Optimizing Autodesk Maya Virtual Drive Workflows

R
Raj Kishore Kumar
Pipeline Developer

Optimizing Autodesk Maya Virtual Drive Workflows

Working in modern production environments often means collaborating across regions. Cloud storage solutions like Autodesk Desktop Connector (ACC), Google Drive, and Microsoft OneDrive are commonly used to store and distribute assets. However, these systems present major bottlenecks when referenced directly inside Digital Content Creation (DCC) tools.

The Sync Bottleneck

When Maya attempts to load a scene containing texture file nodes, references, or proxy meshes pointing to a virtual drive, it treats the virtual folder as a local storage drive. Under the hood, the OS intercepts the file read, pulls the bytes from the remote server, and writes them to a local cache.

Because DCC asset reads are synchronous and run on Maya's main thread:

1. Maya freezes while waiting for network packets.

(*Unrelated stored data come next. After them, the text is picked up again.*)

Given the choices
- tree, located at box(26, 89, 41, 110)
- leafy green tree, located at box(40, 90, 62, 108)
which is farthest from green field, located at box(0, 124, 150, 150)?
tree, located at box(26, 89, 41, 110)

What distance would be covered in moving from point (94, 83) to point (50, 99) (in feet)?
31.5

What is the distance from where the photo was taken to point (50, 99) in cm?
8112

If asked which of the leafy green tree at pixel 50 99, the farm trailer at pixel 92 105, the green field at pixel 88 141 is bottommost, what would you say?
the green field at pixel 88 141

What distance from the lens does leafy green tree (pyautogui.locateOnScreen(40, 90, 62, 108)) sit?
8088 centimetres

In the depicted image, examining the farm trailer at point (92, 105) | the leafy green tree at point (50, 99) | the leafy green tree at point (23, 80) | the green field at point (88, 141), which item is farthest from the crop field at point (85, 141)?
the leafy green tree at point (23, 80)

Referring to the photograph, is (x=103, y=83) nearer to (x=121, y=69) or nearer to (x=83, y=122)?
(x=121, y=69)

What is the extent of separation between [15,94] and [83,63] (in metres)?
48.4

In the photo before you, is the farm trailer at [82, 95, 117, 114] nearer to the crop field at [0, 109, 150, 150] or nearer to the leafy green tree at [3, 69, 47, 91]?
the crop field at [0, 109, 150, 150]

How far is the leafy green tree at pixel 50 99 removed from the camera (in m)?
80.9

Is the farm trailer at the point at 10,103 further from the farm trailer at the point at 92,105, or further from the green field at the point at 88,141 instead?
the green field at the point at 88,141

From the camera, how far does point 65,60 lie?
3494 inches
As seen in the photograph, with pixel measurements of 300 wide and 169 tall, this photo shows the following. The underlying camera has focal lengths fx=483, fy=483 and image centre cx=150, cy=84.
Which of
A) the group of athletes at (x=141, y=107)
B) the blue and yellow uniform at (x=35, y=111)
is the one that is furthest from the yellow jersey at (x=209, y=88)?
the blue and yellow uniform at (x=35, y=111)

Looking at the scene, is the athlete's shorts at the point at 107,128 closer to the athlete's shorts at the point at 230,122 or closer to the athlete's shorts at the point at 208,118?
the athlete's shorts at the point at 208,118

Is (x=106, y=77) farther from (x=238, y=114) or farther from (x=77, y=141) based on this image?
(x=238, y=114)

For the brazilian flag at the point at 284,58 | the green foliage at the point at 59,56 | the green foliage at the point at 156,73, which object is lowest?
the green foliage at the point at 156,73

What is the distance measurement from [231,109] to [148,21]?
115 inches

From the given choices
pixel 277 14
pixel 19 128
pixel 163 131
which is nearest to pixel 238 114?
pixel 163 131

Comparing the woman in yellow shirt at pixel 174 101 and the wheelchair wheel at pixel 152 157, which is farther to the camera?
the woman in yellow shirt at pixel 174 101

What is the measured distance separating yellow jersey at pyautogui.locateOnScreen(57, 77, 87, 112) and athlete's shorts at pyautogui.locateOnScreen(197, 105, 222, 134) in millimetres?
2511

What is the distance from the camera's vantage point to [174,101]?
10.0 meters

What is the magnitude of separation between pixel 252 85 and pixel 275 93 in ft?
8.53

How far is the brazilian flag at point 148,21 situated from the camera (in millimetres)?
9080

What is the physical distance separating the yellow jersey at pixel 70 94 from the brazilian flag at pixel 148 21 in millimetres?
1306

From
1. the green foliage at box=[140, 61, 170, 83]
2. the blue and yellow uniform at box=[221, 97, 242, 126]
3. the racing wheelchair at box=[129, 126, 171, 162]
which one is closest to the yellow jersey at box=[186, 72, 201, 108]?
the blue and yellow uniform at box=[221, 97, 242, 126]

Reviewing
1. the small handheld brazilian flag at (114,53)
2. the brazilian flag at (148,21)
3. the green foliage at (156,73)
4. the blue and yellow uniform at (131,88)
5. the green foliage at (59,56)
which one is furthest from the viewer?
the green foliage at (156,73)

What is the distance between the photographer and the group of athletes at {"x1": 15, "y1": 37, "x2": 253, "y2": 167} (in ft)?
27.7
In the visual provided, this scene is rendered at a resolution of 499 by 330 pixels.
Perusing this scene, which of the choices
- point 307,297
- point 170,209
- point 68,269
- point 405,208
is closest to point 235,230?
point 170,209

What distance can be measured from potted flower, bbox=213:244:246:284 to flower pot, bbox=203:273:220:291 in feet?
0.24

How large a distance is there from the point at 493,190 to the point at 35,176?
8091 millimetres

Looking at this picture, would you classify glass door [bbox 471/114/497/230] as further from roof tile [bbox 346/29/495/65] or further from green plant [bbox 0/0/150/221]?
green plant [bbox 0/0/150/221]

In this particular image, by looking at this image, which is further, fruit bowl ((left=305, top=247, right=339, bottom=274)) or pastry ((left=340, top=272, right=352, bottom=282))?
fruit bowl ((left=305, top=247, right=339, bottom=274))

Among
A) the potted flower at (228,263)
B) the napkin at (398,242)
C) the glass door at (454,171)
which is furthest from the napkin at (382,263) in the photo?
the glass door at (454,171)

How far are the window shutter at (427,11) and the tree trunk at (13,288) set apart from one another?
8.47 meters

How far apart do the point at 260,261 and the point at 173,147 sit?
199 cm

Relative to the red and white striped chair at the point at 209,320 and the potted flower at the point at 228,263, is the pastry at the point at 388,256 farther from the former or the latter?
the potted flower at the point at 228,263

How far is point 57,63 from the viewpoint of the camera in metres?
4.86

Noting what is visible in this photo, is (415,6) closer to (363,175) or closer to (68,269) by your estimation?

2. If a scene has 50 missing or cloud-only textures, the application can hang for minutes.

3. Shading nodes can trigger duplicate network requests on viewport refresh.

The Solution: Two-Phase Hydration

To solve this, Corvus Studio developed a two-phase hydration system:

1. Pre-Download (Async): Scan all path attributes in background threads. Before Maya accesses any files, pre-fetch the assets in parallel (16 concurrent threads) and write them to the local disk.

2. Apply (Synchronous): Once all files are local, write the paths to the DCC attributes. Maya then reads the files instantly from the local cache.

By moving network latency out of the DCC main thread, scene open times can improve by over 90%.